Task goal> In the entries below, find every line holding the string "this" and collect it.

Supplied data>

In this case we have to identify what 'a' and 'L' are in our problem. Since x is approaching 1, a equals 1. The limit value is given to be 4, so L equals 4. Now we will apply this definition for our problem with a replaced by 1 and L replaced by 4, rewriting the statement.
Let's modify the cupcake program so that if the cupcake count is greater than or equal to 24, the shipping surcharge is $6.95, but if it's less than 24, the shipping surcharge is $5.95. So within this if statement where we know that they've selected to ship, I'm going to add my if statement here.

* * *

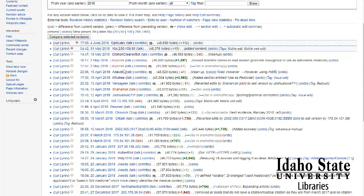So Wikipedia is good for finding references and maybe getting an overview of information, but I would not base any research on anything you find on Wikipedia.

Result of the exercise>
In this case we have to identify what 'a' and 'L' are in our problem. Since x is approaching 1, a equals 1. The limit value is given to be 4, so L equals 4. Now we will apply this definition for our problem with a replaced by 1 and L replaced by 4, rewriting the statement.
Let's modify the cupcake program so that if the cupcake count is greater than or equal to 24, the shipping surcharge is $6.95, but if it's less than 24, the shipping surcharge is $5.95. So within this if statement where we know that they've selected to ship, I'm going to add my if statement here.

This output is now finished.